I makes sense that the data is populated via BigTable. BT offers localization data awareness and map/reduce querying across n-nodes.
Distinct counts (Whether a data service can provide distinct counts or not is a simple measure of flexibility of a data model - but it's typically also a measure of cost and performance)
Google Analytics is not built to do distinct counts even though GA can count users across almost any dimension - but it can't count e.g. Sessions per ga:pagePath? How so... Well they only register a session with the first pageView in a session. This means that we can only count how many landingpages that have had a session. We have no count for all the other 99% of pages on your site. :/
The reason for this is that Google made the choice NOT to count discount counts at all. It simply doesn't scale well economically when serving millions of sites for free. They needed an approach where they could avoid counting distinct. Distinct count is all about sorting, grouping lists of ids for every cell in data intersection.
But... Isn't it simple to count the distinct number of session on a ga:pagePath value? I'll answer this in a bit
The User and data partitioning The choice they made was to partition data on users (clientIds or userIds) Because when they know that clientId/userId X is only present in a certain table in BT, they can run a map/reduce function that counts users and they don't have to be concerned that the same user is present in another dataset and be forced to store all clientIds/userIds in a list - group them - and then count them - distinct. Since the current GA tracking script is called Universal Analytics they have to be able to count users correct. Especially when focusing on cross-device tracking.
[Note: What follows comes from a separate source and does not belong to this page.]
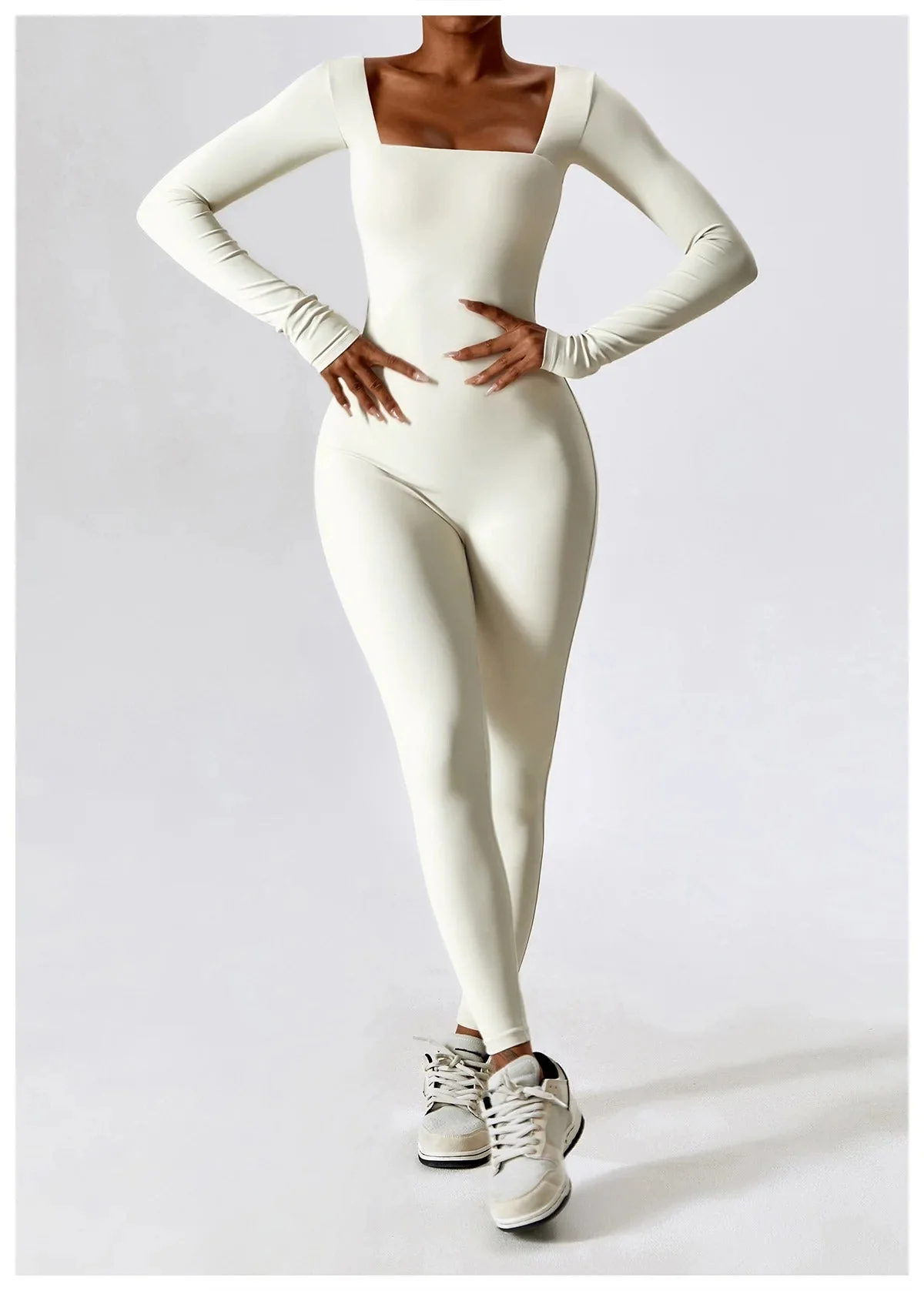 Pasqua® | Long-Sleeved Jumpsuit - Image 9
OK, but how does this affect session count? You have a set of users, each having multiple sets of sessions each having a list of page hits. When counting within a specific session looking for a pagePaths, you will find the same page multiple times but you will not count the page more than once. You need to write down you've already seen this page before. When you have traversed all pages within that session you need only count the session once per page. This procedure requires a state/memory. And since the counting process is probably done in parallel on the same server. You can't be sure that a specific session is handled by the same process. Which makes the counting even more memory consuming. Google decided not to chase that rabit any longer and just ignore that the session count is wrong for pagePath and other hit scoped dimensions.
"Cube" storage The reason I write "cube" is that I don't know exactly if they use traditional a OLAP cube structure, but I know they have up to 100 cubes populated for answering different dimension/metric combinations.
By isolation/grouping dimensions in smaller cubes, data won't explode exponentially like it would if they put all data in a single cube. The drawback is that not all data combinations are allowed. Which we know is true. E.g. ga:transactionId and ga:eventCategory can't be queried together.
By choosing this structure the dataset can scale well economical and performance-wise
Many places and applications in the Google portfolio use the MapReduce algorithm for storage and processing of large quantities of data.
See the Google Research Publications on MapReduce for further information and also have a look at page 4 and page 5 of this Baseline article.
Google analytics runs on 'Mesa: Geo-Replicated, Near Real-Time, Scalable DataWarehousing'. https://storage.googleapis.com/pub-tools-public-publication-data/pdf/42851.pdf
"Mesa is a highly scalable analytic data warehousing systemthat stores critical measurement data related to Google’sInternet advertising business."